La situation des travailleurs de sexe
Les personnes qui exercent le travail sexuel le font en général en complément d’autres métiers peu rémunérateurs ou bien parce qu’elles sont exclues de l’économie dite formelle par manque de titre de séjour avec permis de travail, à cause des discriminations à l’embauche ou au travail, d’un handicap ou état de santé non pris en compte, du manque d’offre de services publics notamment en garde d’enfants et transports en communs pour pallier vie personnelle et vie professionnelle, etc.
Se résoudre à travailler sans être déclarée fait partie des stratégies de survie dans un contexte d’absence de choix, ou d’options économiques réduites. Le manque de trimestres cotisés pour sa retraite n’est donc pas dû à un refus de travailler, mais aux contraintes du marché du travail. Parfois des travailleuses du sexe ont dû interrompre leur travail à la demande d’un conjoint qui ne supportait pas leur activité, mais sans nécessairement bénéficier de la solidarité au sein du couple, en particulier quand cela se termine en divorce, et sans avoir pu toucher de RSA ou autre aide qui aurait pu être comptée en trimestres supplémentaires, puisque vivant en dépendance des revenus du partenaire et que les aides sociales ne sont pas individualisées. A cela s’ajoute le fait que le statut d’auto-entreprise qui facilite l’entrée dans l’économie formelle pour les travailleuses du sexe, la possibilité de se déclarer et donc de cotiser pour sa retraite, n’existe que depuis 2008 !

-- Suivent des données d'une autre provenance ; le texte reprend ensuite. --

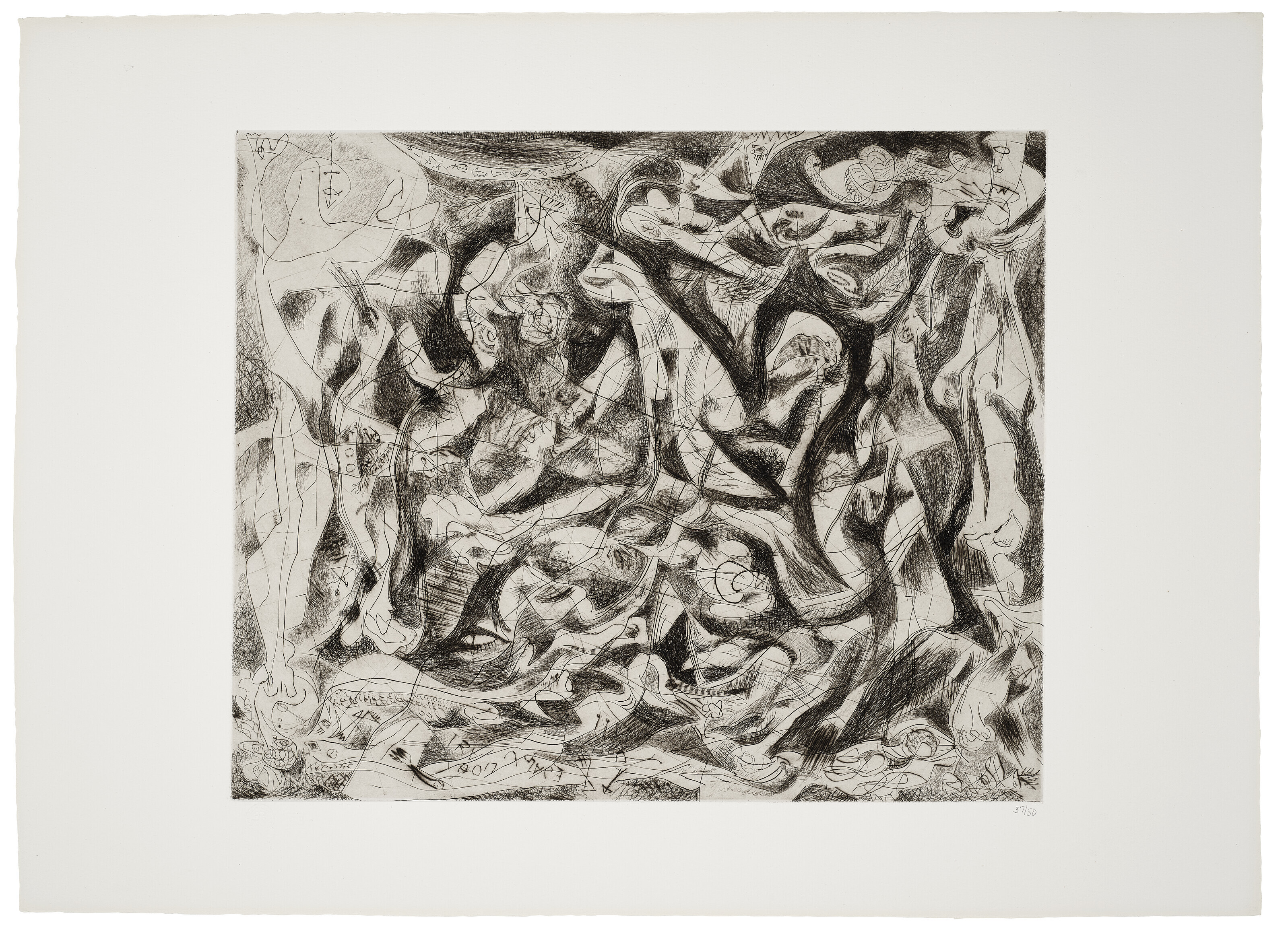 Jackson Pollock — Без названия : шесть пластинок, изображение 5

Si en théorie, les travailleuses du sexe ont ainsi droit à la retraite, en pratique aucune d’entre nous en âge de partir ne le peut à présent sans décote puisque le statut n’existait pas encore en début de carrière (à moins d’avoir exercé d’autres métiers à côté du travail sexuel) et qu’il manque des trimestres et annuités pour partir à taux plein. De manière générale, les travailleuses du sexe ont beau avoir travaillé toute leur vie, dans les faits, nous n’avons pas droit à la retraite, et nous devons nous contenter du minimum vieillesse ou ASPA (allocation de solidarité aux personnes âgées).